Try it:
Among the lines below, output only those between the line holding "The World-Famous Bootleg" and the line holding "Air Pollution: Delhi", inclusive, exactly as written and with no pictures.
** Opening Supplied material block **
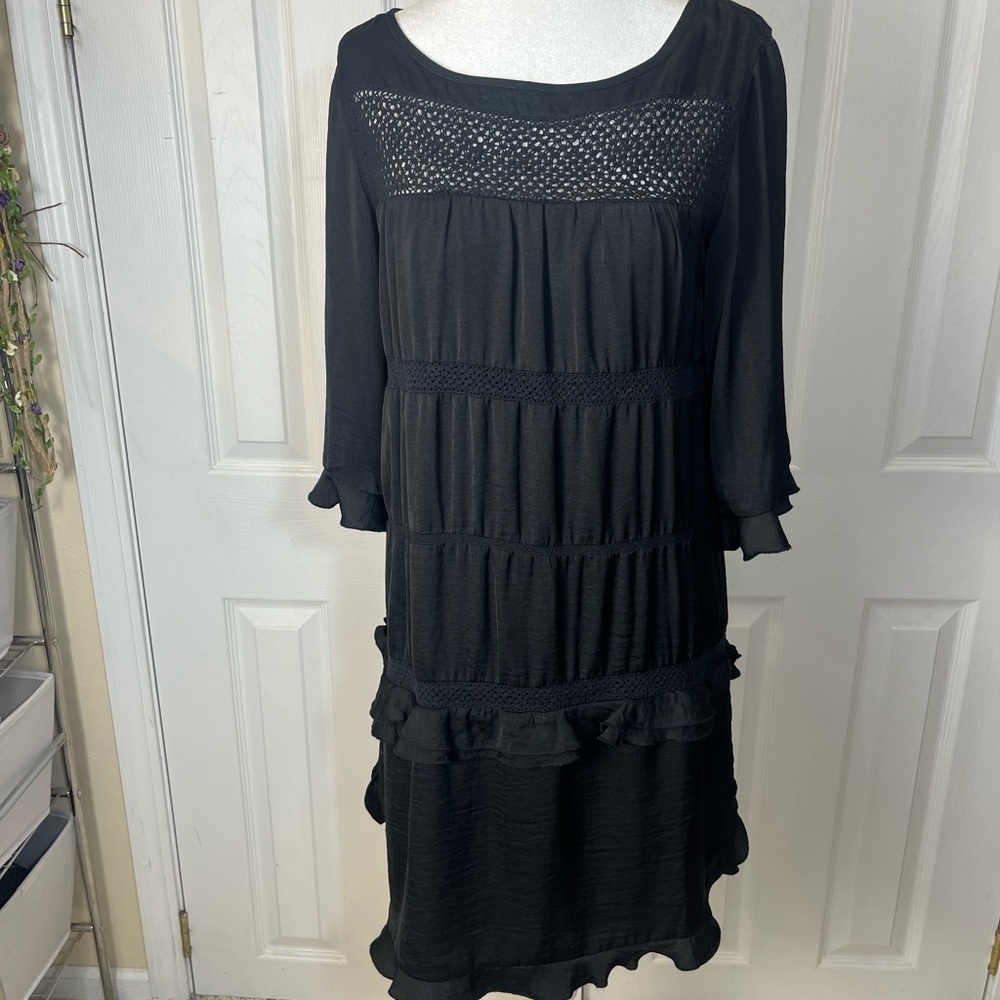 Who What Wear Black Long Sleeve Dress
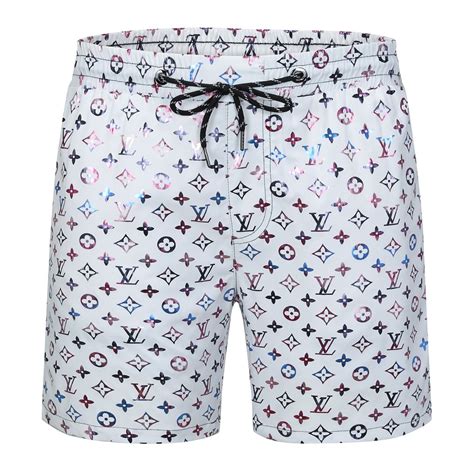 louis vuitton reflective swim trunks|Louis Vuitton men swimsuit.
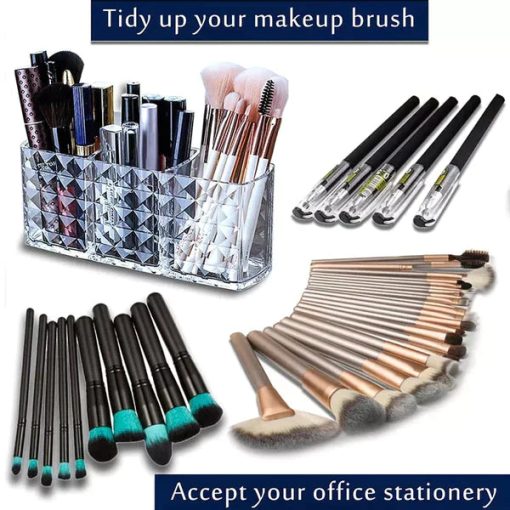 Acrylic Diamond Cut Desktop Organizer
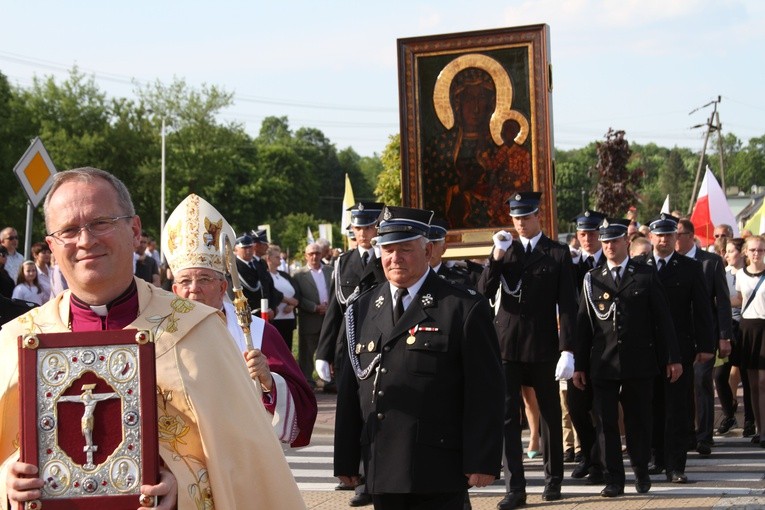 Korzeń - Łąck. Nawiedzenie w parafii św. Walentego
** Closing Supplied material block **
** Opening Supplied material block **
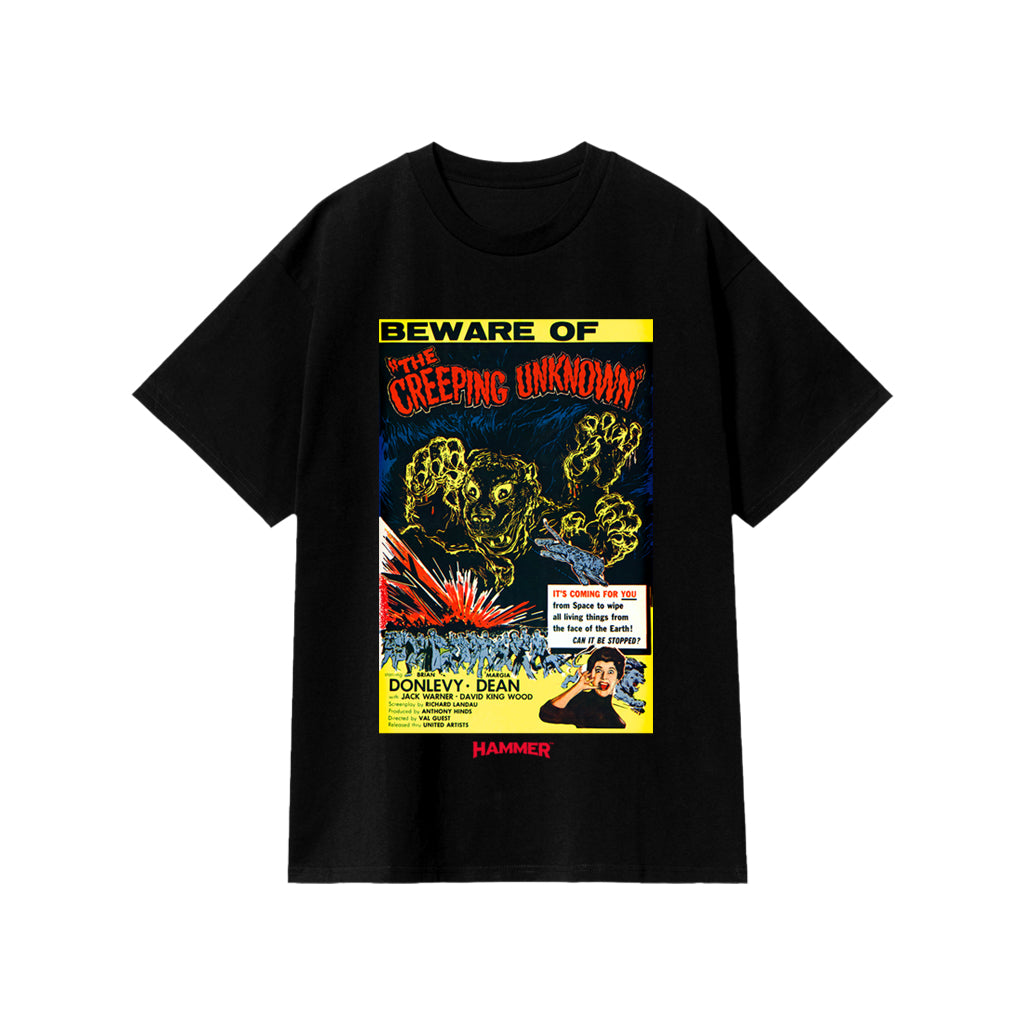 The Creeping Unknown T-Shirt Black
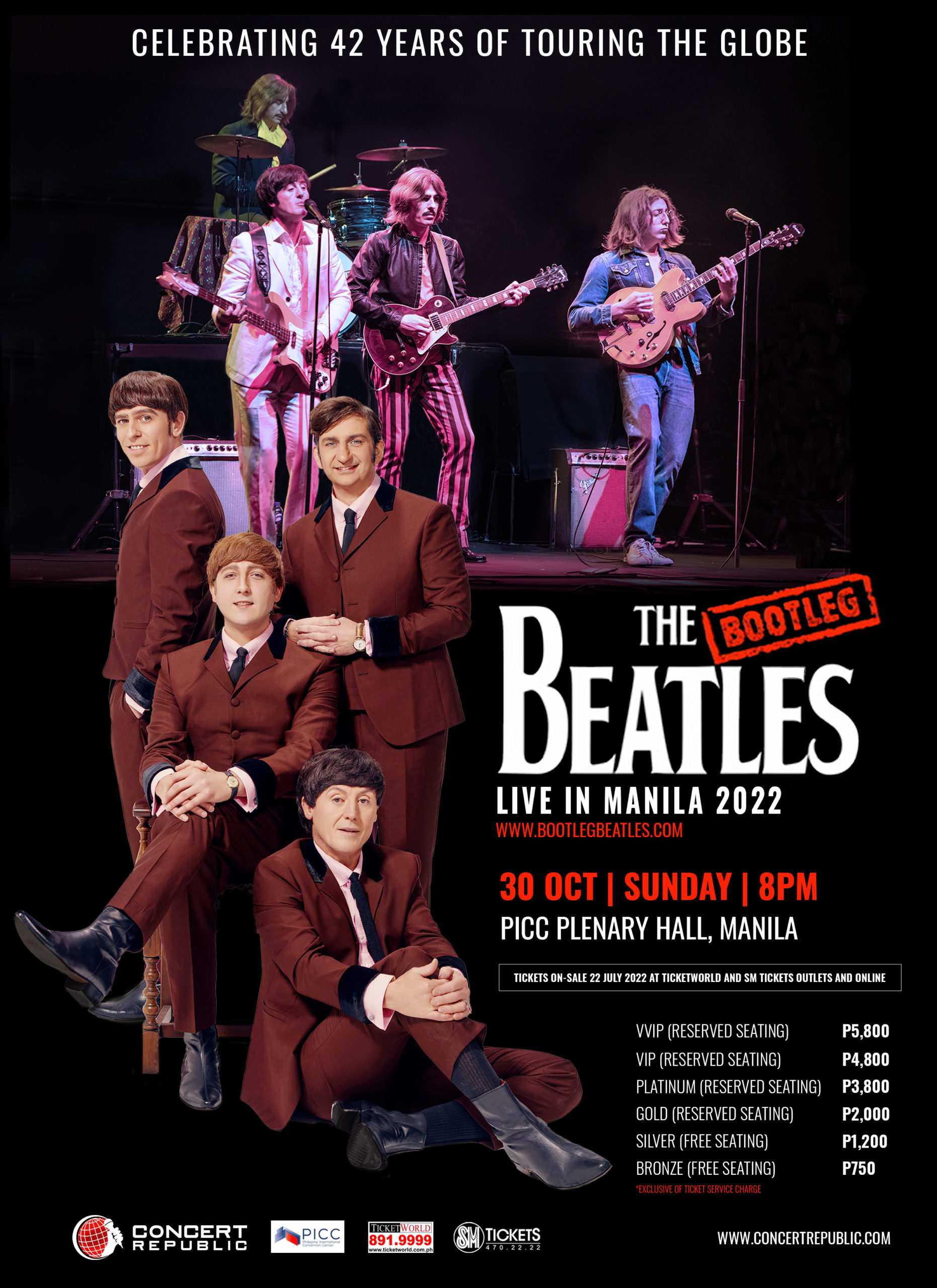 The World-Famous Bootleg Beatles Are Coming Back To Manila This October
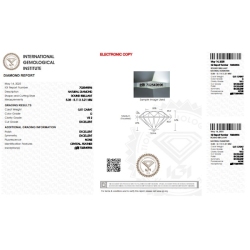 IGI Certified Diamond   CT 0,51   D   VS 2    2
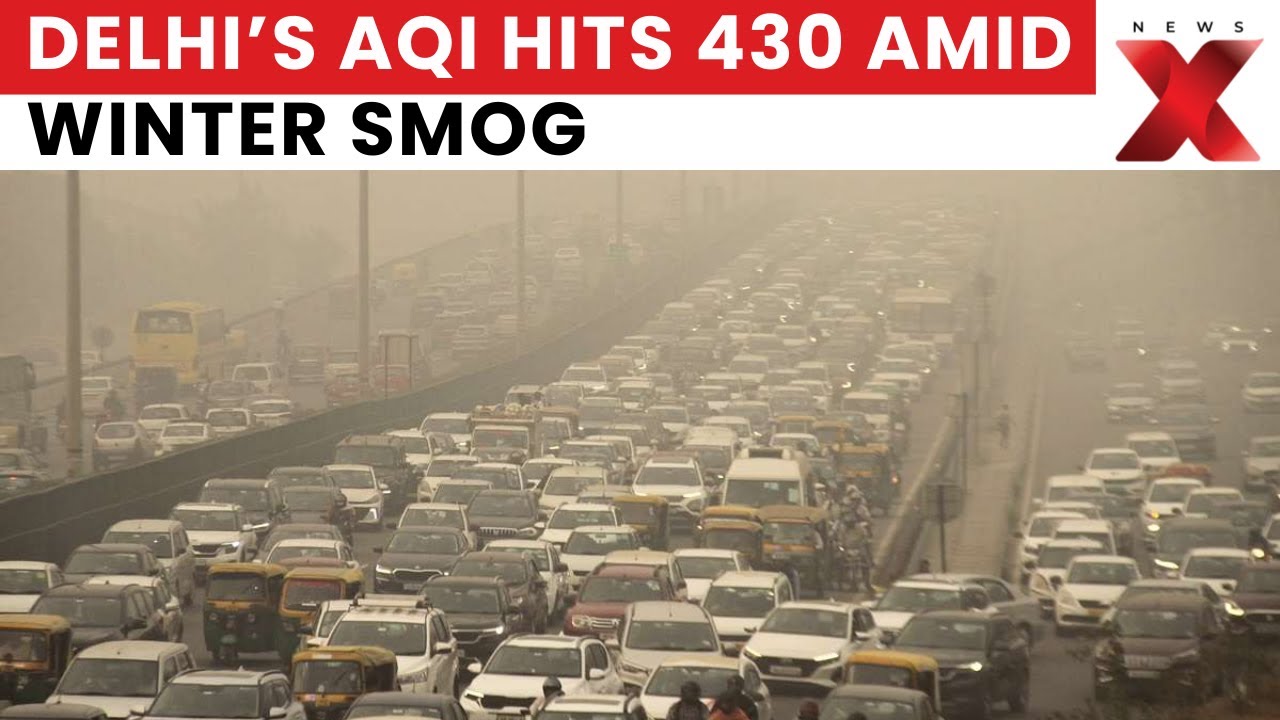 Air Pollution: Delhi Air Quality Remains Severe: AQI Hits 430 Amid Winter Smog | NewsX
** Closing Supplied material block **
** Opening Supplied material block **
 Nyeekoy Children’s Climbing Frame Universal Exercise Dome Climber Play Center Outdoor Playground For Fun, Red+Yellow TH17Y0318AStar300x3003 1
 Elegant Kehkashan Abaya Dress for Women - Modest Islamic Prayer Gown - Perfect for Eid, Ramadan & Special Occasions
** Closing Supplied material block **
Result of this task:
 The World-Famous Bootleg Beatles Are Coming Back To Manila This October
 IGI Certified Diamond   CT 0,51   D   VS 2    2
 Air Pollution: Delhi Air Quality Remains Severe: AQI Hits 430 Amid Winter Smog | NewsX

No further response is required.